# What to work on:
Search the listing below for the line with "Polluion sur la", then write out that line and every one after it exactly, without the pictures.

Start of Input data

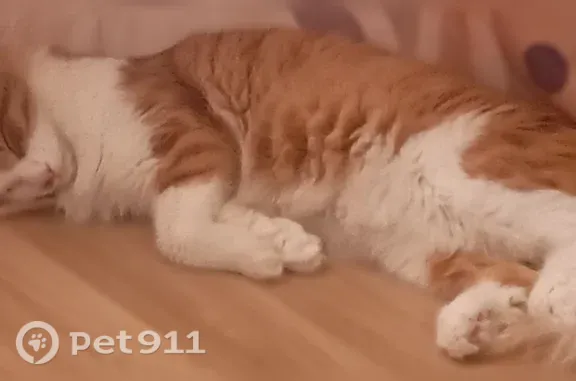 Найдена кошка, Калуга, фото: Пропала кошка, Калуга, 65 лет Победы, д. 31 1 — кот рыжего и белого окраса, после операции на одном глазу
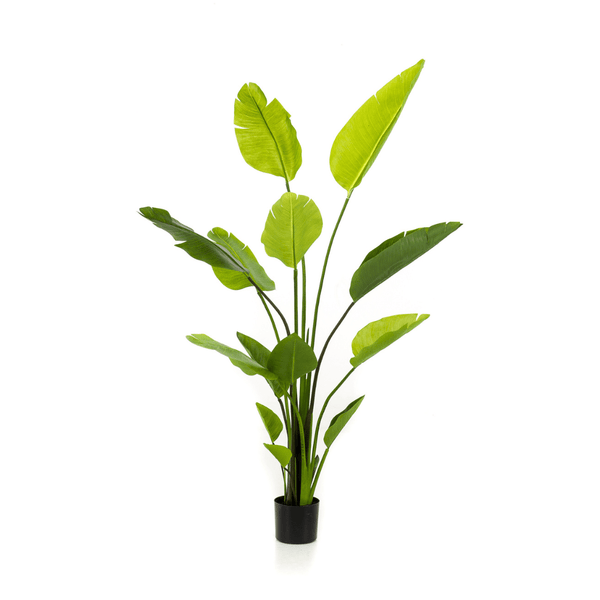 Strelitzia Nicolai Kunstplant - 150 cm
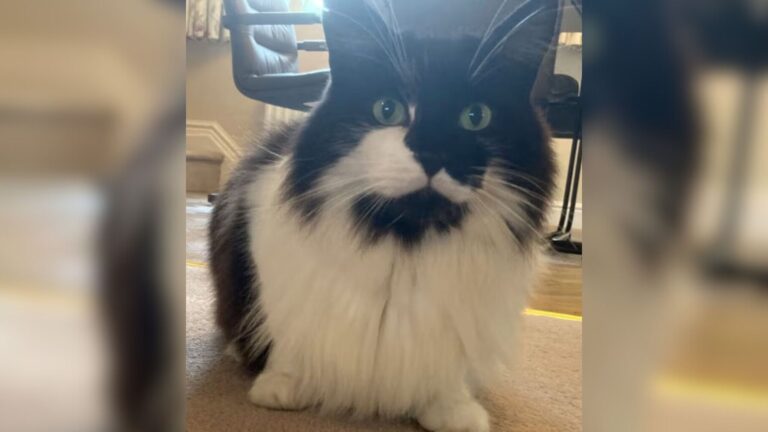 After Cremating Their Cat, Oklahoma Family Gets The Shock Of Their Lives When He Appears Alive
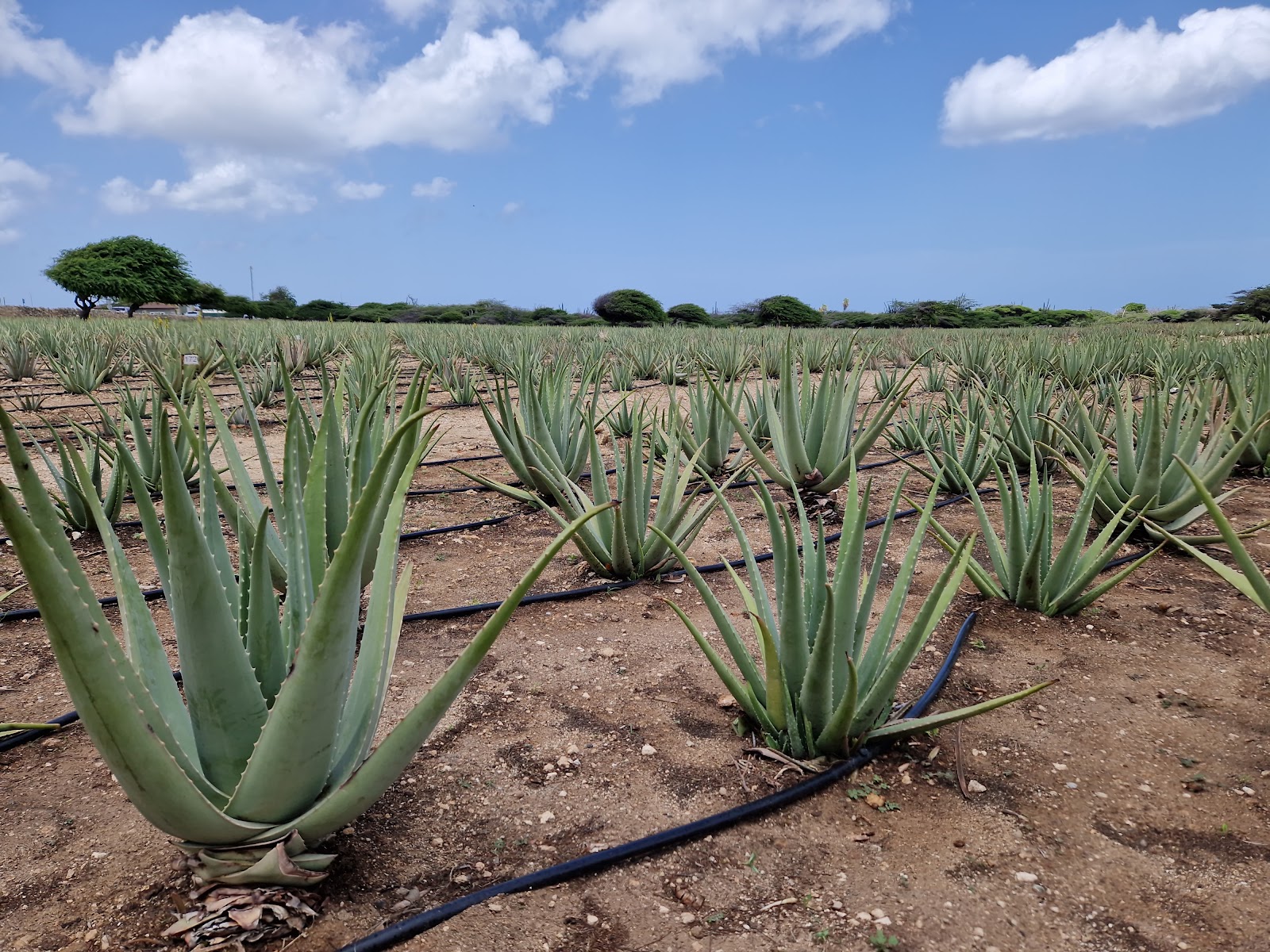 Oranjestad Aruba Best Things To Do for Couple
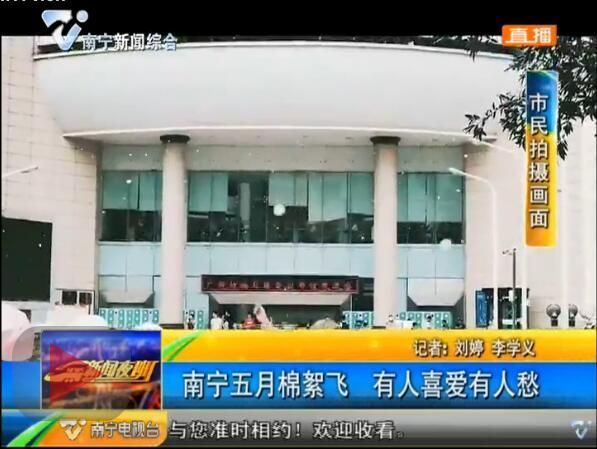 南宁五月棉絮飞 有人喜爱有人愁 南宁五月棉絮飞 有人喜爱有人愁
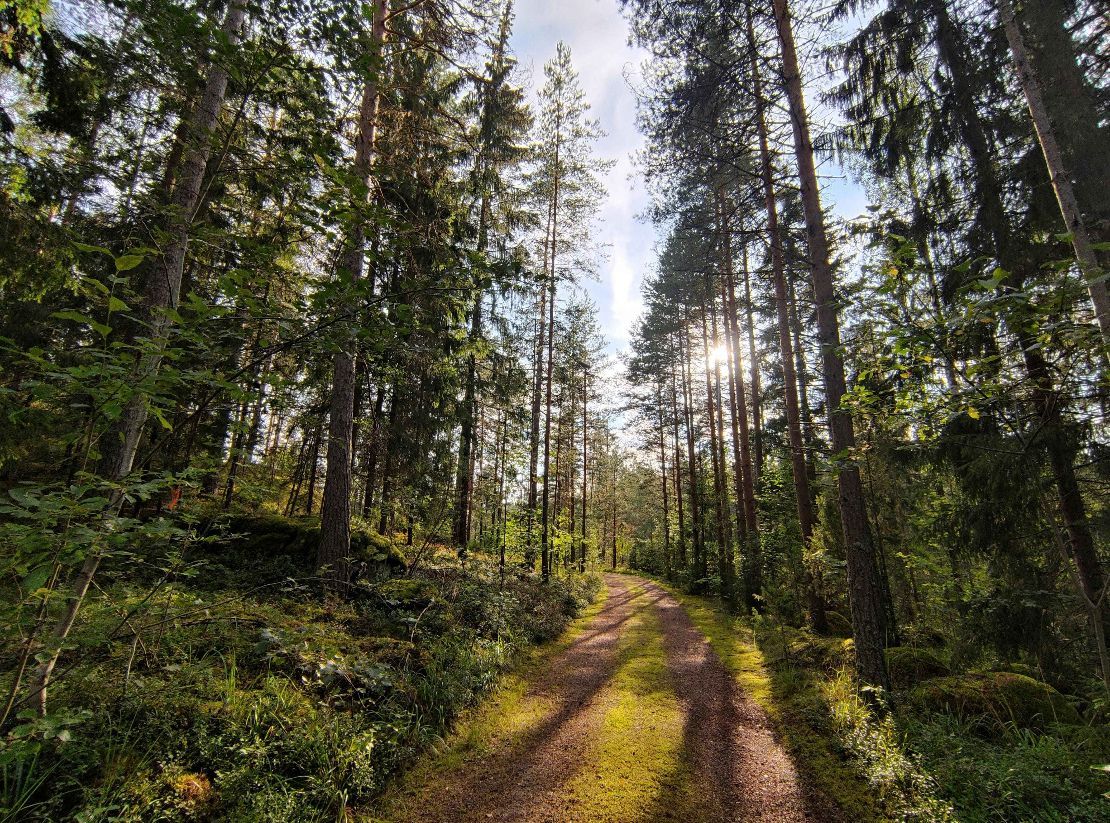 COPADE impulsa la sostenibilidad forestal en España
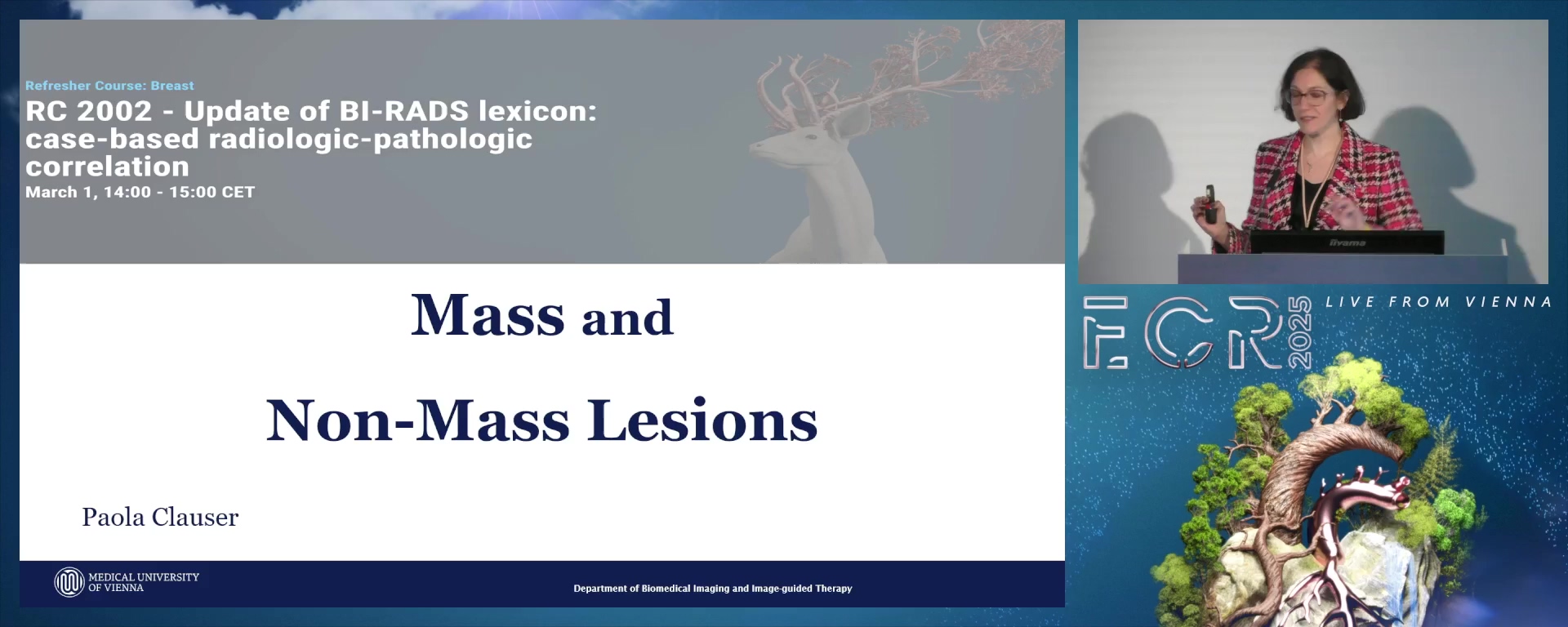 Mass and non-mass lesions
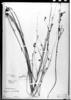 Aeschynomene paucifolia image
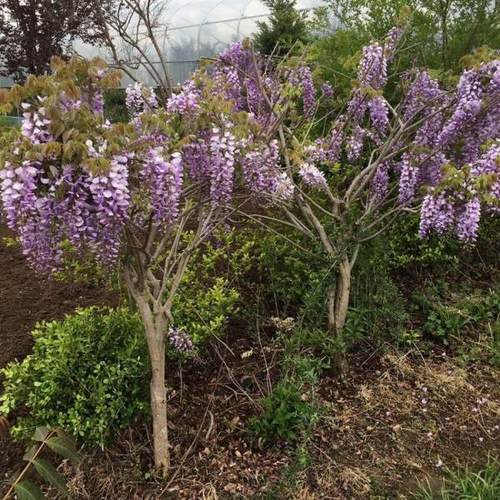 紫藤的移植与栽培养护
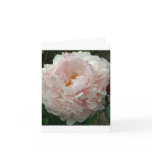 Bad hair day note cards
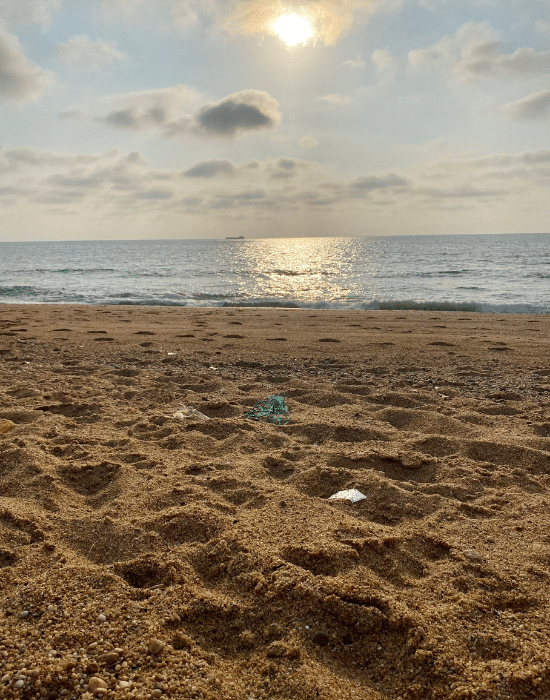 Polluion sur la plage - Engagements des Laboratoires de Biarritz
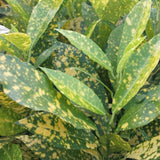 Codiaeum variegatum (fire croton, Gold dust, garden croton.)
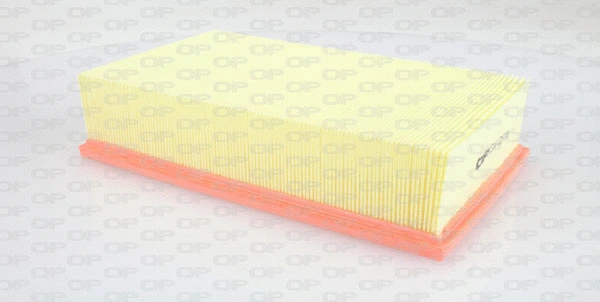 Air Filter (EAF3267.10)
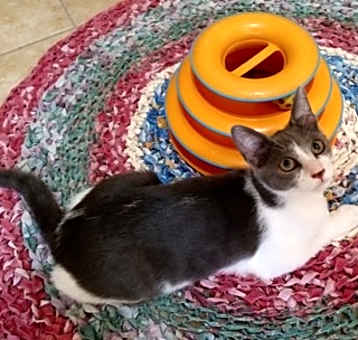 Photo of Molly
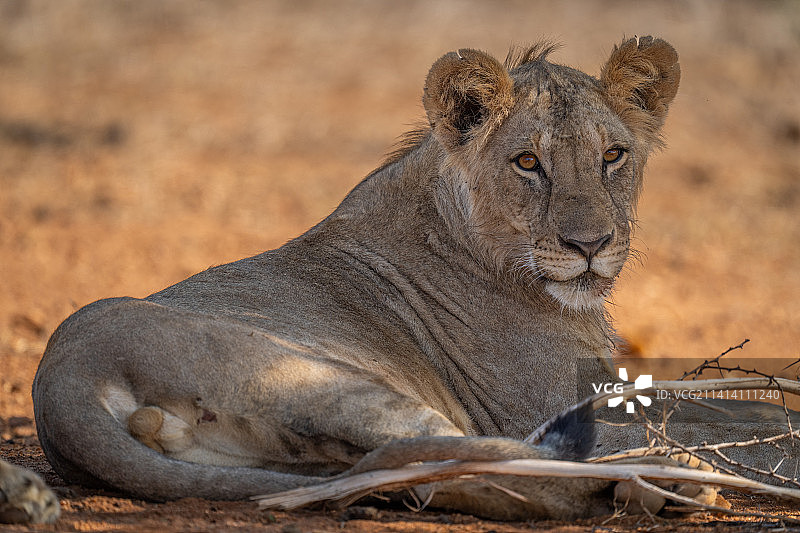 肯尼亚伊尔波莱奥尔乔吉野生动物保护区的母狮图片素材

End of Input data

# Output for this exercise:
 Polluion sur la plage - Engagements des Laboratoires de Biarritz
 Codiaeum variegatum (fire croton, Gold dust, garden croton.)
 Air Filter (EAF3267.10)
 Photo of Molly
 肯尼亚伊尔波莱奥尔乔吉野生动物保护区的母狮图片素材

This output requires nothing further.